WHAT THE EXERCISE ASKS:
Nothing but the lines below between the line holding "Danny Aarons and" and the line holding "W & P Products", inclusive, should appear in the answer, each set down exactly.

Short web captions
..........

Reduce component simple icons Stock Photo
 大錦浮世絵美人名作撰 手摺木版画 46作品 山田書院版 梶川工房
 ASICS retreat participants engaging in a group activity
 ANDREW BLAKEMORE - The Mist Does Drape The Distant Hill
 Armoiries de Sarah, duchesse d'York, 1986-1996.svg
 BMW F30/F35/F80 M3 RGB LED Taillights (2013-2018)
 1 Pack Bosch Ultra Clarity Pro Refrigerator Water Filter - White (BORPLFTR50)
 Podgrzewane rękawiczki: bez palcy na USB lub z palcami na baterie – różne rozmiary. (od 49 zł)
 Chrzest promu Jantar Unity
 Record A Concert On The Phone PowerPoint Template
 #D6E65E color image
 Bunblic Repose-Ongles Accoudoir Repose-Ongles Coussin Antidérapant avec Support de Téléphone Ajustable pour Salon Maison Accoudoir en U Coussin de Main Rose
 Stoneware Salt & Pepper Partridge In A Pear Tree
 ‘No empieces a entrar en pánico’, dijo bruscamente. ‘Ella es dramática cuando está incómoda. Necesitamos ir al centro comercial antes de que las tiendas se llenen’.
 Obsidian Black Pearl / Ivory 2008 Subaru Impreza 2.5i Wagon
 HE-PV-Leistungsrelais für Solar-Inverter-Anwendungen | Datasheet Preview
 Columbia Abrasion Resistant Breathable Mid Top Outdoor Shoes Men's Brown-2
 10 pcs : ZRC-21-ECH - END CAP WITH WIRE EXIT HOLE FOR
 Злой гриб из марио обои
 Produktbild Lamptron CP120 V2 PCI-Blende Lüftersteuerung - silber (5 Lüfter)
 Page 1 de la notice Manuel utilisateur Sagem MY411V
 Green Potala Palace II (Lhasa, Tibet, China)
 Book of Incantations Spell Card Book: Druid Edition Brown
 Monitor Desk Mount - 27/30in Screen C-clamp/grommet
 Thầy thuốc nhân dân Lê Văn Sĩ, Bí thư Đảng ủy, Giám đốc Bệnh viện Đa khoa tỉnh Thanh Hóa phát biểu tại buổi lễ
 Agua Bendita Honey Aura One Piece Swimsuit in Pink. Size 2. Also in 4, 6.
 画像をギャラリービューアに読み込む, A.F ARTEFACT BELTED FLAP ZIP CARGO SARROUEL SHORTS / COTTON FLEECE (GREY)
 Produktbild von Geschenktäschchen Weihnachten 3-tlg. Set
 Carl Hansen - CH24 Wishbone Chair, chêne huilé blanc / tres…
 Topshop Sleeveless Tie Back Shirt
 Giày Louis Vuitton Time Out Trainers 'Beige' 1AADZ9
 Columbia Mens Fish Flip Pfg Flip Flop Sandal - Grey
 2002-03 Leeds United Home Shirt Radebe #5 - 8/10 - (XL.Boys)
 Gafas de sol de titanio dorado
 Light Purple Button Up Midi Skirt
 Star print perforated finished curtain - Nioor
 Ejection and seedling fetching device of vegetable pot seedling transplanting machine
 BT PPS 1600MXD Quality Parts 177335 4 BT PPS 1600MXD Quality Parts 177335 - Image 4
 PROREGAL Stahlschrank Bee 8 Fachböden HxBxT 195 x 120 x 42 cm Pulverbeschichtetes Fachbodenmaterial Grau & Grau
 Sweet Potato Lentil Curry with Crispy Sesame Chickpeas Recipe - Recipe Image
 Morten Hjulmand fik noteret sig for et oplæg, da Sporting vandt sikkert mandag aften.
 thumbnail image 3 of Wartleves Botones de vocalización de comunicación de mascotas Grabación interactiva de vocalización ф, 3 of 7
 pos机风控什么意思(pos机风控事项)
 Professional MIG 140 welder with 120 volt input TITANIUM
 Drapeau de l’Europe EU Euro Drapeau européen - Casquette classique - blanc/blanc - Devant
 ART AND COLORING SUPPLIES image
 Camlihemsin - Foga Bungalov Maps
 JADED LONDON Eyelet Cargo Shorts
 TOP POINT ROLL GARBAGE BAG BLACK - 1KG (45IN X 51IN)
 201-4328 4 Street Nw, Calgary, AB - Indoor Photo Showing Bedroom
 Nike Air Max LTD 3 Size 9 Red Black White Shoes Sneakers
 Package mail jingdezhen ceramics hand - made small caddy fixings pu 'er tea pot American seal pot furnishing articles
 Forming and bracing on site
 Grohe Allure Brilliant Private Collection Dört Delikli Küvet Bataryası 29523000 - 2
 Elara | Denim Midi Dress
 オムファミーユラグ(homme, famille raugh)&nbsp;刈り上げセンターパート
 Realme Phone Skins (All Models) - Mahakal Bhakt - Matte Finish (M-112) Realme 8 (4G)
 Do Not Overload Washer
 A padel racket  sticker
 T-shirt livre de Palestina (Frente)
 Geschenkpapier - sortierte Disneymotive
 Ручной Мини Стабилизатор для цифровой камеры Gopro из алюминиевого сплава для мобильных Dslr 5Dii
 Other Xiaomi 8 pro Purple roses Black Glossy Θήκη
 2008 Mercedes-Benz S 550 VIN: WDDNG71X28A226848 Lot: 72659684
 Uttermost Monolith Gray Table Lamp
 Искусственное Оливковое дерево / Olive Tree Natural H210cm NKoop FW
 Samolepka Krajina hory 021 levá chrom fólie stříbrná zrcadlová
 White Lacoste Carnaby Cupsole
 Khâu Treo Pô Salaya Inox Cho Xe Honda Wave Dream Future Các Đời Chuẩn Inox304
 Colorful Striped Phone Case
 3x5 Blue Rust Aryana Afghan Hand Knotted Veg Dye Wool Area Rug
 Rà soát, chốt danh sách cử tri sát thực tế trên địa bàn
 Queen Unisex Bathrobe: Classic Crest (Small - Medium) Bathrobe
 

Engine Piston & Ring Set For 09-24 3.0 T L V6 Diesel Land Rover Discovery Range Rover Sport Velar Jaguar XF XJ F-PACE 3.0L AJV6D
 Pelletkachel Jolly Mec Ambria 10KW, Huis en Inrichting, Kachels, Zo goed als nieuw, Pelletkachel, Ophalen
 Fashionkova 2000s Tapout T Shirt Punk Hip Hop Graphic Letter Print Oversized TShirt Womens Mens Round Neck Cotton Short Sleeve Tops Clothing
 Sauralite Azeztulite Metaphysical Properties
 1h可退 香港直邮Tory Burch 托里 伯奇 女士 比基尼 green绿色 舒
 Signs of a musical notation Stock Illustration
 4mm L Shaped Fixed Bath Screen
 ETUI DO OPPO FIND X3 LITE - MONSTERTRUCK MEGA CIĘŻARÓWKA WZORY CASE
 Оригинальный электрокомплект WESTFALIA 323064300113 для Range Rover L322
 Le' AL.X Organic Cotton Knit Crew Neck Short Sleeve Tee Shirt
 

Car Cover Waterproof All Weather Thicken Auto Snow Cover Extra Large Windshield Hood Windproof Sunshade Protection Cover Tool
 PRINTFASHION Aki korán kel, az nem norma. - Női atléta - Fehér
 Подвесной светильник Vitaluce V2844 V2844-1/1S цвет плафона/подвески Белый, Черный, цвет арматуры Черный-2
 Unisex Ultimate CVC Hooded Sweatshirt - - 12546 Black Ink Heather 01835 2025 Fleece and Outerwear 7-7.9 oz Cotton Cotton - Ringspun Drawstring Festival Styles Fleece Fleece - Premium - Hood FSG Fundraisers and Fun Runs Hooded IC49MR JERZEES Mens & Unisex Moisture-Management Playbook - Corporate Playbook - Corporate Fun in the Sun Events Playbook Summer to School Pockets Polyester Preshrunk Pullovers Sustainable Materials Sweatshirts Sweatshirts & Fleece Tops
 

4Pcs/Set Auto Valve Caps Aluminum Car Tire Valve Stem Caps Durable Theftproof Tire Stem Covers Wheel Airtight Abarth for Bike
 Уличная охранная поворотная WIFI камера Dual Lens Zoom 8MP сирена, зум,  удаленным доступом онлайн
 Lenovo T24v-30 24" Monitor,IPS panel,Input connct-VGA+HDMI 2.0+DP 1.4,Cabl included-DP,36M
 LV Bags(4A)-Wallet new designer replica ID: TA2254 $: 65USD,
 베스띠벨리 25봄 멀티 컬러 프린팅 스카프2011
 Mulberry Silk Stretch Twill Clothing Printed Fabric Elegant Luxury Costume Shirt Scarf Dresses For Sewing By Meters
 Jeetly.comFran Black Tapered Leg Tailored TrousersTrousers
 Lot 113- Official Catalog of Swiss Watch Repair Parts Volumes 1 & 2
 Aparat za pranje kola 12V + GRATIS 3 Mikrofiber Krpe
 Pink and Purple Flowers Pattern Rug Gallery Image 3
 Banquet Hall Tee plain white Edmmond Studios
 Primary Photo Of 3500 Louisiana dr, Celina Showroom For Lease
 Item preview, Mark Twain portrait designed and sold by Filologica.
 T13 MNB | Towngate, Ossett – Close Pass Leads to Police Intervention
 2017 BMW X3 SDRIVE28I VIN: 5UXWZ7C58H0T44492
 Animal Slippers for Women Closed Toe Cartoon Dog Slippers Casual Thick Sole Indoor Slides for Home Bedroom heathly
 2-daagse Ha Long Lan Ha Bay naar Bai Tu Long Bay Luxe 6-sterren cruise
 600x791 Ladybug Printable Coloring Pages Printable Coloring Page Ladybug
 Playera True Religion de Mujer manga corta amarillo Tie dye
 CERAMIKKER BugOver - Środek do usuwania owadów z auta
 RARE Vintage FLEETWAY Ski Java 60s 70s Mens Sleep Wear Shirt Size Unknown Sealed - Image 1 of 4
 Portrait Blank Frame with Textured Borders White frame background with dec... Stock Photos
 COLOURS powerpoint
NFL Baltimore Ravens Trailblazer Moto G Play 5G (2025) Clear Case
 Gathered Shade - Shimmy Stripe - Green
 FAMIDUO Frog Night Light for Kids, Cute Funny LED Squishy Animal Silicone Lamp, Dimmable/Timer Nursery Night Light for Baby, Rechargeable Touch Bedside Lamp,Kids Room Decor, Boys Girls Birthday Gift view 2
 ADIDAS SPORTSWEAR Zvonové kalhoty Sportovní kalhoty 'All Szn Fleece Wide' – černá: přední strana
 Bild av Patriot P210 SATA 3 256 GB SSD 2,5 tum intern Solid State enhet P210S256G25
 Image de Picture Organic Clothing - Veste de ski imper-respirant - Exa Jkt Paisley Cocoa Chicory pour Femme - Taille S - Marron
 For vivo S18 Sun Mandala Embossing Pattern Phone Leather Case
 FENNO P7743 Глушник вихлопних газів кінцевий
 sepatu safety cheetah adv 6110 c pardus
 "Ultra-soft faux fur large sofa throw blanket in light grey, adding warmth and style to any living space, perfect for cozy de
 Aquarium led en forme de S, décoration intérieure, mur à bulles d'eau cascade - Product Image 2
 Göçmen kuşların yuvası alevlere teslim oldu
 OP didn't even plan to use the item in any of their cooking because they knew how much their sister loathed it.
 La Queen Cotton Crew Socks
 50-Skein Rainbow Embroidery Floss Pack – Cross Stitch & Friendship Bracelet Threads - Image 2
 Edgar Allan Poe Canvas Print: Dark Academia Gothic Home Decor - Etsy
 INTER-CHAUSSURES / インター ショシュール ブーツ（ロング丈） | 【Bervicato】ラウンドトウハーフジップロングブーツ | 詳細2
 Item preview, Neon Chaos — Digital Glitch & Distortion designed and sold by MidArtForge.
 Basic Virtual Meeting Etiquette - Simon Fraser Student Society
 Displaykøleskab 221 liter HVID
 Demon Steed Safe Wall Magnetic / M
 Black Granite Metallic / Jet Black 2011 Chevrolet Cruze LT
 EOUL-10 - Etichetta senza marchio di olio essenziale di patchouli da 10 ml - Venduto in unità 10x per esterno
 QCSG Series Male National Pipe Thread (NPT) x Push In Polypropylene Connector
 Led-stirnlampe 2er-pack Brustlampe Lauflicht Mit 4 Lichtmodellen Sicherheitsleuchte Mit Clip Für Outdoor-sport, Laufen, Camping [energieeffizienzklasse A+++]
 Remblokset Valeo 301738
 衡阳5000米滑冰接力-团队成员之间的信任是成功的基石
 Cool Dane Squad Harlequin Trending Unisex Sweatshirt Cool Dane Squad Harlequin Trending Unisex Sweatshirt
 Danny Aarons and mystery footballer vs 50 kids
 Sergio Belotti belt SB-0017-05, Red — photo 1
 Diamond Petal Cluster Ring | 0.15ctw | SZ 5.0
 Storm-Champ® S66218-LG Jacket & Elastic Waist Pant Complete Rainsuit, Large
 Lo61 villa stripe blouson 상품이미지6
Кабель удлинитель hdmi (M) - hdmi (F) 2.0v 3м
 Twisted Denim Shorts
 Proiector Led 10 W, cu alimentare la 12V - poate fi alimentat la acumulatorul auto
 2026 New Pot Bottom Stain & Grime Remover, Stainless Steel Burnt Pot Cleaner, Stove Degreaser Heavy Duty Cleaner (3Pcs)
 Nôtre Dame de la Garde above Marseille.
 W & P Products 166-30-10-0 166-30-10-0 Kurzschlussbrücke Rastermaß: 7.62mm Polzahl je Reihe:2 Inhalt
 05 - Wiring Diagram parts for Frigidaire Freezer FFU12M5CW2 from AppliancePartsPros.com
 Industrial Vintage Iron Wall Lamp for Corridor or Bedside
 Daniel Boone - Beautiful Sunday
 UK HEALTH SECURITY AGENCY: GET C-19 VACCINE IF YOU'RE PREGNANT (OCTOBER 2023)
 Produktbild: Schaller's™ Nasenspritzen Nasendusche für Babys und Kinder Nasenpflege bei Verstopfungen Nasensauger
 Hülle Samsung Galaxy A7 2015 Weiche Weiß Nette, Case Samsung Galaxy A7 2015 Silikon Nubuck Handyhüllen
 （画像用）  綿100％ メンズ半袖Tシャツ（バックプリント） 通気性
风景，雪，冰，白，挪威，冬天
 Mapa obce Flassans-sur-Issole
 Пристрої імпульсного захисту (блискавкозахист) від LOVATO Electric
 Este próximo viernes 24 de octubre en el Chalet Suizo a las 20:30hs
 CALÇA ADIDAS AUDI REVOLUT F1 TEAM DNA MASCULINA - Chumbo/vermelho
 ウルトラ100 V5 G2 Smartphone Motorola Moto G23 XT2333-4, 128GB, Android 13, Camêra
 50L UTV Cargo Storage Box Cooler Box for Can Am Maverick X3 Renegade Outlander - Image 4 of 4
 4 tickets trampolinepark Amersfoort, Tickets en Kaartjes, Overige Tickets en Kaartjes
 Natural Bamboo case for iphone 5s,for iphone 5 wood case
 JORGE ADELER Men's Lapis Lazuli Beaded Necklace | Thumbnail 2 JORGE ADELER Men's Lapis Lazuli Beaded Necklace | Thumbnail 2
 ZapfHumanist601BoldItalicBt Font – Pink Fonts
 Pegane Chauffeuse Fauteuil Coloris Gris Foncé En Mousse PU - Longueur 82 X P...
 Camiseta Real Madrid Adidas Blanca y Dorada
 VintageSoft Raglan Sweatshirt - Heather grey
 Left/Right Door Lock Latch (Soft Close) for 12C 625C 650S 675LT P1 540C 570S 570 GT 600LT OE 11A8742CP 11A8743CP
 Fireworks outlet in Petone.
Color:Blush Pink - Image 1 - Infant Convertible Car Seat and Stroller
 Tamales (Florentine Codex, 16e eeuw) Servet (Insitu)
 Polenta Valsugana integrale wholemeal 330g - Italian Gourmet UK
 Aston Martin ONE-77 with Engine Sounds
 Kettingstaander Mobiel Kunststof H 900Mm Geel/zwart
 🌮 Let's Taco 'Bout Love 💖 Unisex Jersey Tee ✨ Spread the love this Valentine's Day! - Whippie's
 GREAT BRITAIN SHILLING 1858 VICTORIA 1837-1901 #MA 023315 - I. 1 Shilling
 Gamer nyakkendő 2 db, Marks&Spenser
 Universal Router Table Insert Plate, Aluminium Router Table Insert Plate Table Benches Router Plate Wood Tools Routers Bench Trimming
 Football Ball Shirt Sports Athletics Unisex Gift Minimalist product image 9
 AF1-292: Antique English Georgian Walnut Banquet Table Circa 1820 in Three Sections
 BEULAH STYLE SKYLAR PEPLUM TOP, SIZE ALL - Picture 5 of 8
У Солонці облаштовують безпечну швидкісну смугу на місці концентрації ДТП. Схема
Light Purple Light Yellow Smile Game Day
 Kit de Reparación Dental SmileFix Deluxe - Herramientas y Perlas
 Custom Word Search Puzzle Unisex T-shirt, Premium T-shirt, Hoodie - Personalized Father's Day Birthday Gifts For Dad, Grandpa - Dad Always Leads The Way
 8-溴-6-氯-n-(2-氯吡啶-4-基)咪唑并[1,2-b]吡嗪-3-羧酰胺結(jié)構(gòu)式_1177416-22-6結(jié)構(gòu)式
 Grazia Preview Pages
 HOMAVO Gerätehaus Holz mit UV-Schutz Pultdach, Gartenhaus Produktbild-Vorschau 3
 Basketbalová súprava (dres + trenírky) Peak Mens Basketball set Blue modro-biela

..........

RESPONSE:
 Danny Aarons and mystery footballer vs 50 kids
 Sergio Belotti belt SB-0017-05, Red — photo 1
 Diamond Petal Cluster Ring | 0.15ctw | SZ 5.0
 Storm-Champ® S66218-LG Jacket & Elastic Waist Pant Complete Rainsuit, Large
 Lo61 villa stripe blouson 상품이미지6
Кабель удлинитель hdmi (M) - hdmi (F) 2.0v 3м
 Twisted Denim Shorts
 Proiector Led 10 W, cu alimentare la 12V - poate fi alimentat la acumulatorul auto
 2026 New Pot Bottom Stain & Grime Remover, Stainless Steel Burnt Pot Cleaner, Stove Degreaser Heavy Duty Cleaner (3Pcs)
 Nôtre Dame de la Garde above Marseille.
 W & P Products 166-30-10-0 166-30-10-0 Kurzschlussbrücke Rastermaß: 7.62mm Polzahl je Reihe:2 Inhalt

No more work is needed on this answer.